The Origin group state clearly that they are fully committed to the sustainable agenda and driving forward more sustainable practice. They see themselves as an industry leader in both sustainable agronomy and global food supply responsiveness and have therefore acknowledged the need to integrate sustainable actions into the organisation’s foundations. They sum up their key objective as being to help optimise land use through integrated solutions.

Key Drivers

They have done this principally in two main ways, described by them as nurturing the environment and nurturing society. The former involves what they describe as a holistic, innovative and collaborative approach to sustainable land use, with a focus on positive environmental impact and resource efficiency. Essentially this has involved full analysis of all products, services and advice provided to customers that influence the environment, and the impacts on climate change, water usage, waste and operational efficiency. 

In Flower 03.08.23 2 West Lancs council sml
In flower, West Lancs council

‘Nurturing Society’ is seen as a move to further empower its staff and the communities served, conducting business with integrity and proper governance and reporting. This focuses on making sure that they embed their values through six strategic pillars or priorities, their internal code of conduct, their supplier code of conduct and in working with stakeholders and external influencers.

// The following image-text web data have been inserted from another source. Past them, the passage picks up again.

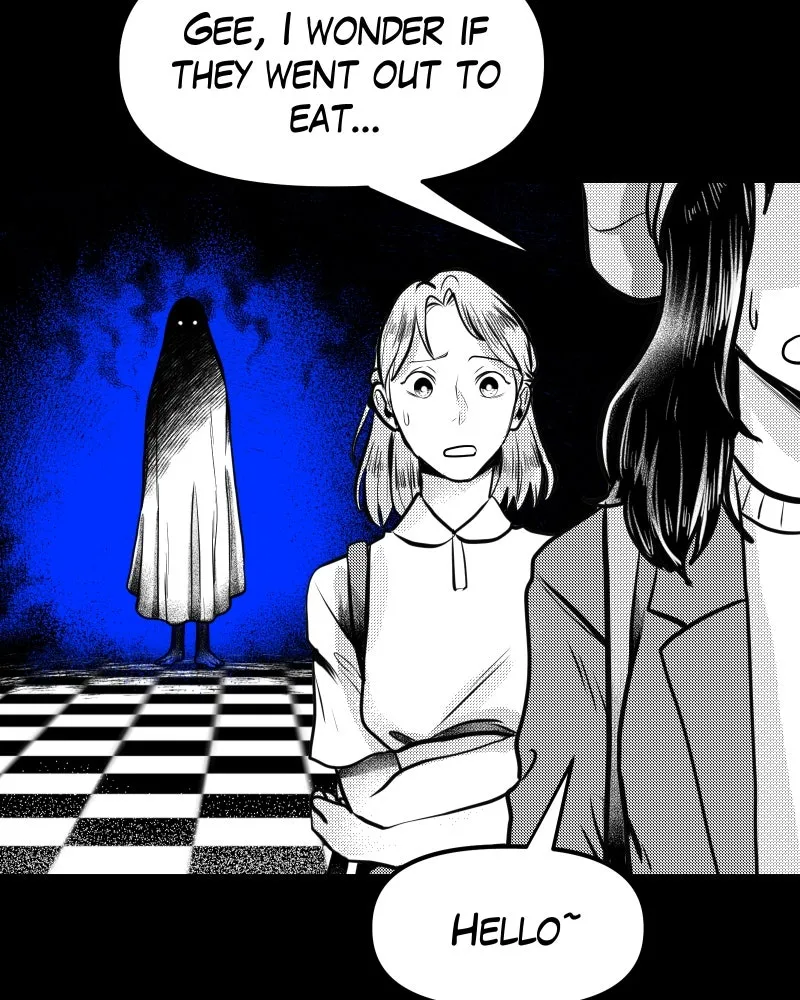 The Bathroom Ghost Chapter 6 page 54 - 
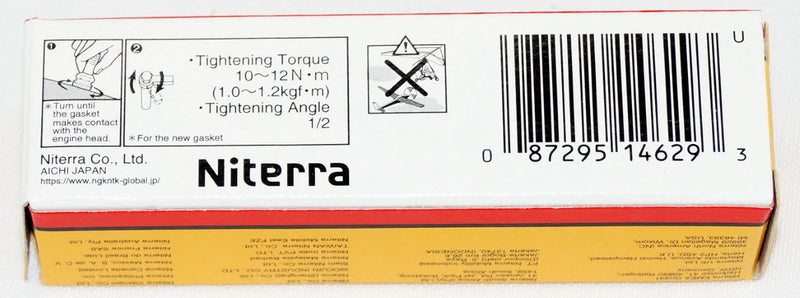 NGK 4629 C7HSA Nickel Spark Plug without Tip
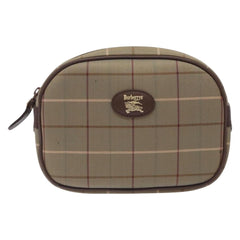 Burberry Nova check Pochette Canvas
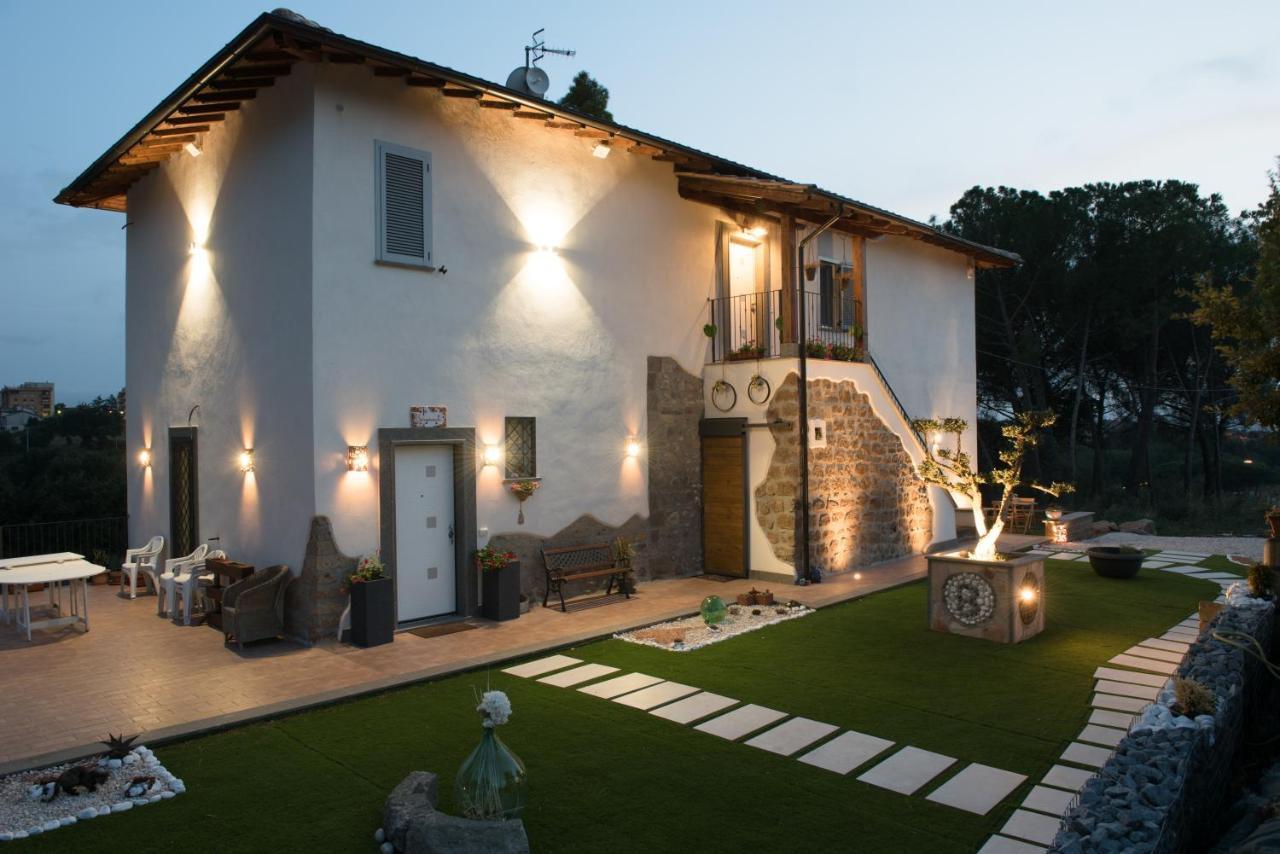 Le Terrazze Di Casa Bonelli Bed & Breakfast Vetralla Exterior photo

Setting Priorities and targets

In establishing these priorities, in 2023, as part of Origin’s efforts to maintain its level of transparency and sustainability, they undertook a comprehensive exercise seeking to allow them to, not only work towards more integrated sustainable reporting, but also to evaluate and prioritise external impacts affecting the organisation and the impacts on both society and environment. As stated to me, Origin sees sustainable practice as good practice and this exercise was about giving them focus in driving forward as a business. Diviya Thevarajah, Environmental and Sustainability Manager, says ‘’ Sustainability does not just affect us as a business nor does the work we do, it also affects our customers, suppliers, researchers, policymakers, non-Governmental Organisations, consumers, and shareholders, which is why we made sure all these voices were heard within the exercise’’. 

West Lancs council preparing roundside area for wildflower seed sml
West Lancs council preparing roadside area for wildflower seed

From this, they identified key topics that were a high priority for Origin; these were biodiversity, soil health, sustainable food systems, energy efficiency, greenhouse gas emissions and climate change resilience. They redefined their Environmental, Social and Government priorities, reviewed the goals for these six priorities and determined the necessary key performance indicators (KPIs) to measure progress. It was a very comprehensive exercise, a factor of their size and complexity, but it emphasises their determination to lead and influence sustainable practice in their sectors. 

Biodiversity & Energy Efficiency

As examples provided, one of the targets surrounding biodiversity includes helping to support the creation of 1,000 miles of wildlife corridors throughout Great Britain by 2030 by linking amenity, rural and agricultural land. Origin Enterprises, and its constituent companies, feel well placed to initiate and support projects to join up areas of habitat for important and declining species. They work with farmers, growers, and amenity businesses across the UK, and believe that they have the knowledge and resources required to advise and provide the practical elements needed.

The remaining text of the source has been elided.